The Great Debate: OGs vs. Traders
The “Exit” Theory
Troy Cross, Professor of Philosophy at Reed College and prominent Bitcoin commentator, expressed concern that this selling activity challenges Bitcoin’s founding principles. He suggests that if early adopters are exiting in significant numbers, it indicates they no longer view Bitcoin as fundamentally different from traditional investments.
The Alternative Perspective
However, blockchain analyst Checkmate presents a different interpretation. The data shows that the majority of moved Bitcoin actually comes from shorter holding periods:
- 700,000 BTC held for 6 months to 1 year
- 650,000 BTC held for 1 to 2 years
- Only 120,000 BTC held for 3 to 5 years
- Just 50,000 BTC held for 5 to 7 years
This breakdown suggests most of the activity represents traders taking profits rather than original believers abandoning the market.
Blockstream CEO Adam Back supports this view, noting that the detailed charts reveal most moved coins belong to recent-cycle traders, not Bitcoin’s earliest adopters.
Current Market Pressures
Bitcoin currently faces downward pressure from two sources:
Institutional ETF Activity: Seven-day cumulative netflow for spot Bitcoin ETFs has declined by nearly $21 billion, the largest outflow in six weeks. This represents a significant sentiment shift as institutional demand has slowed.
Long-Term Holder Distribution: With ETF inflows no longer offsetting sales from long-term holders, Bitcoin faces a supply-heavy environment.
What This Means for the Market
The combination of reduced institutional demand and continued strategic selling from long-term holders has created challenging conditions.
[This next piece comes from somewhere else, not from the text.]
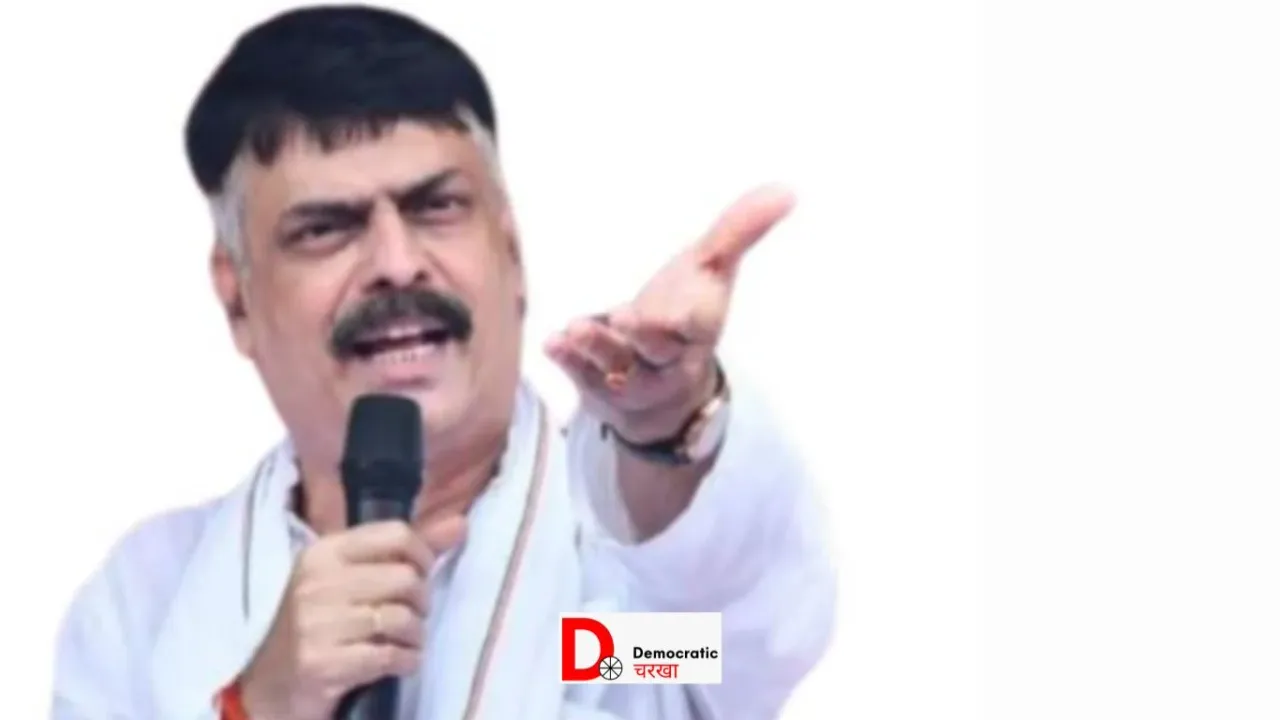 झारखंड कांग्रेस अध्यक्ष राजेश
Market analysts suggest that unless institutional buyers return or long-term holders pause their selling, near-term price pressure may continue.

Key Takeaway
While headlines suggest early Bitcoin believers are leaving the market en masse, blockchain data tells a more nuanced story. The majority of Bitcoin movement appears to come from shorter-term holders taking profits rather than founding-era holders losing faith in the asset.

Disclaimer: This article does not constitute investment advice or recommendations. Cryptocurrency investments carry significant risk, and readers should conduct thorough research before making any investment decisions.